> [GIVEN RECORDS]
-=-=-

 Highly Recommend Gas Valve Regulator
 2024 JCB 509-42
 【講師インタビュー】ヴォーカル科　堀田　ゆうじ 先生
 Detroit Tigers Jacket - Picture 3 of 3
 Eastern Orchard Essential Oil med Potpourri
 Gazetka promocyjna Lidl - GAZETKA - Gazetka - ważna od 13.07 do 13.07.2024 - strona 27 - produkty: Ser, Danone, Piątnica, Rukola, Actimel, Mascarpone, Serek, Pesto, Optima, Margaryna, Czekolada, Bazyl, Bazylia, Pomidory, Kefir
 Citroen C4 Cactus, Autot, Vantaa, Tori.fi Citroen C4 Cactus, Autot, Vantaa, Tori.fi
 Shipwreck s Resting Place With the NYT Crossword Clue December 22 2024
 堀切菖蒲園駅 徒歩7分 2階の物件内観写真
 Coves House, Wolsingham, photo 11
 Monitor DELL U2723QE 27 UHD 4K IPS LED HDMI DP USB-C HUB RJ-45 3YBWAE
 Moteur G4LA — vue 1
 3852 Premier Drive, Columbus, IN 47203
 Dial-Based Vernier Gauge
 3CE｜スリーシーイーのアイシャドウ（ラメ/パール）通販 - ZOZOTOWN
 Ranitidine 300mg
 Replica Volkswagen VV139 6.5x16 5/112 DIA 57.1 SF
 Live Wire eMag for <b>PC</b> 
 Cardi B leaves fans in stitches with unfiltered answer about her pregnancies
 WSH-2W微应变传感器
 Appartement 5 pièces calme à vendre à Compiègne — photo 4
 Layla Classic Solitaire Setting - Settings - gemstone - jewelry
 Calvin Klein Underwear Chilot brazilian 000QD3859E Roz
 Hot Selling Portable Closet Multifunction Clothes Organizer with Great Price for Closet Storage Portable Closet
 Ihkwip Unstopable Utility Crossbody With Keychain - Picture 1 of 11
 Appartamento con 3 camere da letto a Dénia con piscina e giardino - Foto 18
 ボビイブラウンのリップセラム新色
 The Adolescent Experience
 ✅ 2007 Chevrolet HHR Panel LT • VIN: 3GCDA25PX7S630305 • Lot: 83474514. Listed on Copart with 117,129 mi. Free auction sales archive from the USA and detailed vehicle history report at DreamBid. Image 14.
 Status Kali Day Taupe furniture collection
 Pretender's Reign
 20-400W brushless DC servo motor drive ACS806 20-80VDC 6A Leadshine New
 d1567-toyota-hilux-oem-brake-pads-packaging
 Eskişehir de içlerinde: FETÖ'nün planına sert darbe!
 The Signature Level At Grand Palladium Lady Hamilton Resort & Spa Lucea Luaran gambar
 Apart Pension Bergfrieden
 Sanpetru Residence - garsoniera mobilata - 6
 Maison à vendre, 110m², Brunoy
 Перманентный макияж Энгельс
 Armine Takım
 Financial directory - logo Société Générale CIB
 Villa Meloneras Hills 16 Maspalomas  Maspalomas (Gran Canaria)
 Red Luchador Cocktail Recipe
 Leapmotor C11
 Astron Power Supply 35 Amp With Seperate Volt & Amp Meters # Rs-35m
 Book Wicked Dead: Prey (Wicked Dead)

-=-=-

> [PROBLEM DETAILS] Among the entries above, locate the lines containing "Shipwreck s Resting" and "Appartement 5 pièces", and transcribe exactly those two lines and all lines between.

> [EXERCISE RESPONSE]
 Shipwreck s Resting Place With the NYT Crossword Clue December 22 2024
 堀切菖蒲園駅 徒歩7分 2階の物件内観写真
 Coves House, Wolsingham, photo 11
 Monitor DELL U2723QE 27 UHD 4K IPS LED HDMI DP USB-C HUB RJ-45 3YBWAE
 Moteur G4LA — vue 1
 3852 Premier Drive, Columbus, IN 47203
 Dial-Based Vernier Gauge
 3CE｜スリーシーイーのアイシャドウ（ラメ/パール）通販 - ZOZOTOWN
 Ranitidine 300mg
 Replica Volkswagen VV139 6.5x16 5/112 DIA 57.1 SF
 Live Wire eMag for <b>PC</b> 
 Cardi B leaves fans in stitches with unfiltered answer about her pregnancies
 WSH-2W微应变传感器
 Appartement 5 pièces calme à vendre à Compiègne — photo 4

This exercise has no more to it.